◆ Source material
━━━━━━━━━━━━━━━━

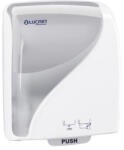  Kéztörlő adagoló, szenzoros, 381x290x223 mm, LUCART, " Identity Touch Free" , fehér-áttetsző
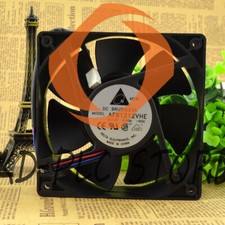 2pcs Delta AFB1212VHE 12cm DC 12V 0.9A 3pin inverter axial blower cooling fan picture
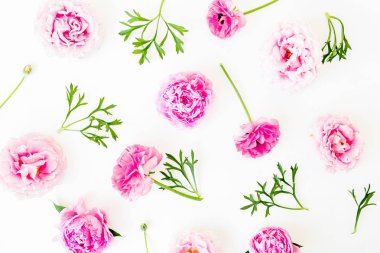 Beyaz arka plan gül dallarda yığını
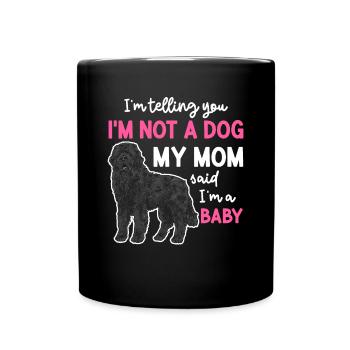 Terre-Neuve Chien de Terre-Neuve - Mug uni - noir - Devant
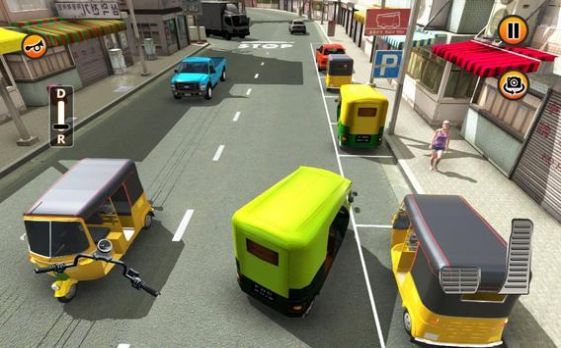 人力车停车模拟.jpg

━━━━━━━━━━━━━━━━

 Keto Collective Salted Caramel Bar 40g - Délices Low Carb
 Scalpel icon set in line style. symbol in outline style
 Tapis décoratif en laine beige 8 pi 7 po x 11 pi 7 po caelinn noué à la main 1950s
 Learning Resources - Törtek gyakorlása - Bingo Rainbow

━━━━━━━━━━━━━━━━

◆ Instructions to follow
Copy only this from above: the line containing "Kéztörlő adagoló, szenzoros, 381x290x223", the line containing "人力车停车模拟.jpg", and all lines between, printed exactly. Leave out the pictures.

◆ Exercise result
  Kéztörlő adagoló, szenzoros, 381x290x223 mm, LUCART, " Identity Touch Free" , fehér-áttetsző
 2pcs Delta AFB1212VHE 12cm DC 12V 0.9A 3pin inverter axial blower cooling fan picture
 Beyaz arka plan gül dallarda yığını
 Terre-Neuve Chien de Terre-Neuve - Mug uni - noir - Devant
 人力车停车模拟.jpg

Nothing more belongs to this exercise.